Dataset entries
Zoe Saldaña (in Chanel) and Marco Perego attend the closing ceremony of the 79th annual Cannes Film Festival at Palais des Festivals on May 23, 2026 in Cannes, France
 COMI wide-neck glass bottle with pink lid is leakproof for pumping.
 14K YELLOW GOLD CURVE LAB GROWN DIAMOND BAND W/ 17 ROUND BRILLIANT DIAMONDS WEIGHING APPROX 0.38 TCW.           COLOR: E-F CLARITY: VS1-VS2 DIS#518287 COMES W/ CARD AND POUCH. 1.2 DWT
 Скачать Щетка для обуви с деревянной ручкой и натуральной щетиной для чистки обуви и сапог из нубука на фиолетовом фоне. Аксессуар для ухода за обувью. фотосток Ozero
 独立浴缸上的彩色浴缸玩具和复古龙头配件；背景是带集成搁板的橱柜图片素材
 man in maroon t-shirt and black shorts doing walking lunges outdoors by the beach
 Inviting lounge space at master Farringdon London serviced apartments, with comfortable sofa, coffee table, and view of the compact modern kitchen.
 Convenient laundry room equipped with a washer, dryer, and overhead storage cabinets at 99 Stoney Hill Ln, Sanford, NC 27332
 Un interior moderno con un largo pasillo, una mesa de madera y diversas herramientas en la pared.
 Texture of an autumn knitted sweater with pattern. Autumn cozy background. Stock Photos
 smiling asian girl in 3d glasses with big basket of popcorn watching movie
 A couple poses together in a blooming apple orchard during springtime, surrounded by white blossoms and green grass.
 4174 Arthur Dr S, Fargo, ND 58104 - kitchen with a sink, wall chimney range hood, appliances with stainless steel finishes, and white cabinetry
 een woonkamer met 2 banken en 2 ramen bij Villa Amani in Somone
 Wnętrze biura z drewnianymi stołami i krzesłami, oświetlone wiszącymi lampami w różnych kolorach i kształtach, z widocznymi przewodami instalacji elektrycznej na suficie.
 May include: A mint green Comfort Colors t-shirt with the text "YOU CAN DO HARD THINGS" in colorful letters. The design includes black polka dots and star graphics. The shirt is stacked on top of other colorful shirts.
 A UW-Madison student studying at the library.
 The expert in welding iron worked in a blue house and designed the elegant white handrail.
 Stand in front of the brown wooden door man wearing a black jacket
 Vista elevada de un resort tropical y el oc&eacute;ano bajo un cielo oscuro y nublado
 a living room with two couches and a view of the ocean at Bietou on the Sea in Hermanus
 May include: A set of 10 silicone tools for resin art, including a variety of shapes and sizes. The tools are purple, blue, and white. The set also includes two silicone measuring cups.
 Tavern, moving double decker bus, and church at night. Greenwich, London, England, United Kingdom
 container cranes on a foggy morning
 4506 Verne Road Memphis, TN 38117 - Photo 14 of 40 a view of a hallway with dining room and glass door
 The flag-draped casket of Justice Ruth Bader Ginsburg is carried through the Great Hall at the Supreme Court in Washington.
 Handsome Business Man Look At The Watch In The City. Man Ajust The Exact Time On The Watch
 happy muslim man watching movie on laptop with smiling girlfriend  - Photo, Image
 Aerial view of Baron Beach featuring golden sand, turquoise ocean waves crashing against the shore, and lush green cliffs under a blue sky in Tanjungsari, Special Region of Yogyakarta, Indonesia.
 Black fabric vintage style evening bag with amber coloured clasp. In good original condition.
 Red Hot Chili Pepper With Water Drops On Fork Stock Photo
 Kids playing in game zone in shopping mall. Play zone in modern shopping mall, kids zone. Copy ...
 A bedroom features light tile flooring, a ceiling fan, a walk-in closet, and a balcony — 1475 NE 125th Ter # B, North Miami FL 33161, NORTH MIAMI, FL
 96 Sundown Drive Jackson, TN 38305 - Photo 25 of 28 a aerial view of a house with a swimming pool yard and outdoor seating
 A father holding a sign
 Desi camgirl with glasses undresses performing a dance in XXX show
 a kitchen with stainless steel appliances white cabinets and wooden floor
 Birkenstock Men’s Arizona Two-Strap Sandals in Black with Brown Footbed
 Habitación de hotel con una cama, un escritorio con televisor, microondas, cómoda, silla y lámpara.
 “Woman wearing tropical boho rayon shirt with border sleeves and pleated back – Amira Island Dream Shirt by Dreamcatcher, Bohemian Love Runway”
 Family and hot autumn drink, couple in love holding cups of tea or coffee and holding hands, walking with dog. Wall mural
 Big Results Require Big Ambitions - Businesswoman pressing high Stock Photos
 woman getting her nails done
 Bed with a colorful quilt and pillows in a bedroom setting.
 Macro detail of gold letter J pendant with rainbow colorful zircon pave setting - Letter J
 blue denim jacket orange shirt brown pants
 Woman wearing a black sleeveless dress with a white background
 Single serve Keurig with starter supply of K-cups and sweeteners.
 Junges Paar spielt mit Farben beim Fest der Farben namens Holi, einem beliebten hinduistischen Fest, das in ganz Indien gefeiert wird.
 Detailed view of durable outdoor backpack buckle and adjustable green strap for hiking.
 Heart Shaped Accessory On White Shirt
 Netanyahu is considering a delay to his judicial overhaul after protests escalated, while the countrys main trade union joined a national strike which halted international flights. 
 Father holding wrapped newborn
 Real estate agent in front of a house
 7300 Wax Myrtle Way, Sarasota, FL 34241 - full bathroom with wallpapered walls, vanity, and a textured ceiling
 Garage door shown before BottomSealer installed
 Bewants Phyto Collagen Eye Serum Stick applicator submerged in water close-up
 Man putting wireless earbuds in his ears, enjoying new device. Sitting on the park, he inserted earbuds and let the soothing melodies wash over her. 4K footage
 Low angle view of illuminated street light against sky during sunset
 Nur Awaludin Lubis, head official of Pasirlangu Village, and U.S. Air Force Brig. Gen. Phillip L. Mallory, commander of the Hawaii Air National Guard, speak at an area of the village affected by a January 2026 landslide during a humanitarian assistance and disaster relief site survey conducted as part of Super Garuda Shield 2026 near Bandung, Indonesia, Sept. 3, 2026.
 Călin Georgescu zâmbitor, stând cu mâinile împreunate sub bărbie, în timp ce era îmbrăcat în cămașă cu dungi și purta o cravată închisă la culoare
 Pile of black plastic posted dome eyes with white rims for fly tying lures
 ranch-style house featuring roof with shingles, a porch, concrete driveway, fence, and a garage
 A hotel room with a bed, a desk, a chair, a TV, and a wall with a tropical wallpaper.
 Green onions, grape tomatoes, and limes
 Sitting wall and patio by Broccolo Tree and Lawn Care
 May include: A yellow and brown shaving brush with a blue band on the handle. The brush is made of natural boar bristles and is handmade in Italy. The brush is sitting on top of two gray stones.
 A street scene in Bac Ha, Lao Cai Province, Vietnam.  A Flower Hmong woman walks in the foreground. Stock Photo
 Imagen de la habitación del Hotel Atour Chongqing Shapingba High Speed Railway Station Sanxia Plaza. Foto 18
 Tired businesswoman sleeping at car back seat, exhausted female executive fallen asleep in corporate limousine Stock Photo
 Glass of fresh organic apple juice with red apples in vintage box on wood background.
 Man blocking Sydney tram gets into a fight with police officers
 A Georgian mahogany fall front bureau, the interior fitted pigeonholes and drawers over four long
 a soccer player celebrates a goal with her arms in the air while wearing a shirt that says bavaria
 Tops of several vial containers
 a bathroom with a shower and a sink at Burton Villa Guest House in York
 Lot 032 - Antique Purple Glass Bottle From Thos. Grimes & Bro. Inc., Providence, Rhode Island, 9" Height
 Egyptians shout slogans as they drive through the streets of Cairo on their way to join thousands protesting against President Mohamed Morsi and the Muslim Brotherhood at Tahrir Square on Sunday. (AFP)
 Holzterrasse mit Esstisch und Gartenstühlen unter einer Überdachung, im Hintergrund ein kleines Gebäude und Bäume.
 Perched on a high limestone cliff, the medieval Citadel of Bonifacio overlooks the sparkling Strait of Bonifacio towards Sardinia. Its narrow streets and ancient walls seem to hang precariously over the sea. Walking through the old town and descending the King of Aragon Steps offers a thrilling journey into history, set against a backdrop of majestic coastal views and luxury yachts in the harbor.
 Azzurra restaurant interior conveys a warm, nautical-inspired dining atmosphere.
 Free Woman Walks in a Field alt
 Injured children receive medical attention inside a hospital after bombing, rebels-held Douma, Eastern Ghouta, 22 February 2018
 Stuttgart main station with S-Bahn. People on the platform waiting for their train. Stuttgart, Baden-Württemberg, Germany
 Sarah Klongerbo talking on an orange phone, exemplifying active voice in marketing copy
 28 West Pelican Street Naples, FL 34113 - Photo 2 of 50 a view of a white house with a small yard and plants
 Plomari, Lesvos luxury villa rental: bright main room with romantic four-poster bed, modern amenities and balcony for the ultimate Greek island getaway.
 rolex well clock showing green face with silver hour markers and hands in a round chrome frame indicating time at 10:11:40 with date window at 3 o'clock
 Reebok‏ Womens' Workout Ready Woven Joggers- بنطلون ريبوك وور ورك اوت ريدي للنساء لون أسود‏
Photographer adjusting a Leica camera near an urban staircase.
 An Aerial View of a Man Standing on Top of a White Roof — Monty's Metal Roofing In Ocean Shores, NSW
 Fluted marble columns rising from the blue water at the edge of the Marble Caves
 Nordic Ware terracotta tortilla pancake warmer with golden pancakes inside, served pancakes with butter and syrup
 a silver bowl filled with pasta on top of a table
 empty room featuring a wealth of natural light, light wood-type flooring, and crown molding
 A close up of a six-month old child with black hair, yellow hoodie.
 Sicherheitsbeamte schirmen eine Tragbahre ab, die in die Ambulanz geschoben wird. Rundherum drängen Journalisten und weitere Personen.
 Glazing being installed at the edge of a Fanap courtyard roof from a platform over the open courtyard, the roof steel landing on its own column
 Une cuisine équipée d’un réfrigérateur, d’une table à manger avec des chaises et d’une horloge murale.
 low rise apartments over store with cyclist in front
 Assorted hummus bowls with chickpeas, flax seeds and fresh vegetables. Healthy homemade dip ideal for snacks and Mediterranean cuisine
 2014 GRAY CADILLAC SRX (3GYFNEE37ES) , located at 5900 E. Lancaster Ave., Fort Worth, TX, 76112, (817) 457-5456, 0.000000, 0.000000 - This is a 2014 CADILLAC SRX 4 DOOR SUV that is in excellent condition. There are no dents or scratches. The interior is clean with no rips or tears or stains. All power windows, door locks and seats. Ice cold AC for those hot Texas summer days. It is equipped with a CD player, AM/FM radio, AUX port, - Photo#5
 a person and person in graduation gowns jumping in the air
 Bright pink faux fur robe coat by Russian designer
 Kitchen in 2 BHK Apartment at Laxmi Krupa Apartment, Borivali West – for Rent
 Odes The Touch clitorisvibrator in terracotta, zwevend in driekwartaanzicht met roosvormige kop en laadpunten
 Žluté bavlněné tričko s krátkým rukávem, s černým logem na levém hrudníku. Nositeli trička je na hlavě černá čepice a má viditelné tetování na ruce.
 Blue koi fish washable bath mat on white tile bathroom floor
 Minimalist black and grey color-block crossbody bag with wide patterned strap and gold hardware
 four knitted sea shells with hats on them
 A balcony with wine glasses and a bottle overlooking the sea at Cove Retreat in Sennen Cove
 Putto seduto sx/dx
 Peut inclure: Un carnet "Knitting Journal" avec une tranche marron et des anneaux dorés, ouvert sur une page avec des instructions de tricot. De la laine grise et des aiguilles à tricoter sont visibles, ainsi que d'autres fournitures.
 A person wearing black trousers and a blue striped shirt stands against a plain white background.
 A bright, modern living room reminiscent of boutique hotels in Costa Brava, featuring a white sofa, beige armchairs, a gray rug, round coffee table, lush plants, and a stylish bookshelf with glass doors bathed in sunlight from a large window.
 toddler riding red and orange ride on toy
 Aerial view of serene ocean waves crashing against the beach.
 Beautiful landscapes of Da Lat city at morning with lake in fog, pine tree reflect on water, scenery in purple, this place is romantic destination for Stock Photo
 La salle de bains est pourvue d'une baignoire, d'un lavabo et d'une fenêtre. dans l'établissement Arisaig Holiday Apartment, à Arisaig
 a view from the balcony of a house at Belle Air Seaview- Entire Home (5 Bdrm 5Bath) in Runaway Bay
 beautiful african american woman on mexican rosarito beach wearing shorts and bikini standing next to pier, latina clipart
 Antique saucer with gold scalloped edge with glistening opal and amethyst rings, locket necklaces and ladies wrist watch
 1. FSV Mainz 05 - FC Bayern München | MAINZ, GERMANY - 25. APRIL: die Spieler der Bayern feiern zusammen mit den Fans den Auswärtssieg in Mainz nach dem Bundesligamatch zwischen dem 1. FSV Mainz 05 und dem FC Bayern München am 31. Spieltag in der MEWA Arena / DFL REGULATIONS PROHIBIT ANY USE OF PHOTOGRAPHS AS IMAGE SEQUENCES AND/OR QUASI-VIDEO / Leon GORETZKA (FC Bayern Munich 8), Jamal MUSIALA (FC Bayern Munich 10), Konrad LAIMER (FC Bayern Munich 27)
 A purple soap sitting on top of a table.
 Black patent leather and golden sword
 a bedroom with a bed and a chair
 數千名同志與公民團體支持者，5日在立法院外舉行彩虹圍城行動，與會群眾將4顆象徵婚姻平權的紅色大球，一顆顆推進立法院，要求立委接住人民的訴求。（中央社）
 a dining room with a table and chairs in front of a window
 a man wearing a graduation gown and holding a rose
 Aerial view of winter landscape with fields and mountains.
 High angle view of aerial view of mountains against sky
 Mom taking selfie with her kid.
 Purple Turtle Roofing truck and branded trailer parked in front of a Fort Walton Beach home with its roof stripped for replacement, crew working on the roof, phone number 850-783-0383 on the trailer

▶ _EXERCISE REQUIREMENTS_: Once you reach the line with "container cranes on a foggy morning" in the data above, copy it and every line after it exactly, up to and including the line with "Handsome Business Man".

▶ _ANSWER TO THE EXERCISE_:
 container cranes on a foggy morning
 4506 Verne Road Memphis, TN 38117 - Photo 14 of 40 a view of a hallway with dining room and glass door
 The flag-draped casket of Justice Ruth Bader Ginsburg is carried through the Great Hall at the Supreme Court in Washington.
 Handsome Business Man Look At The Watch In The City. Man Ajust The Exact Time On The Watch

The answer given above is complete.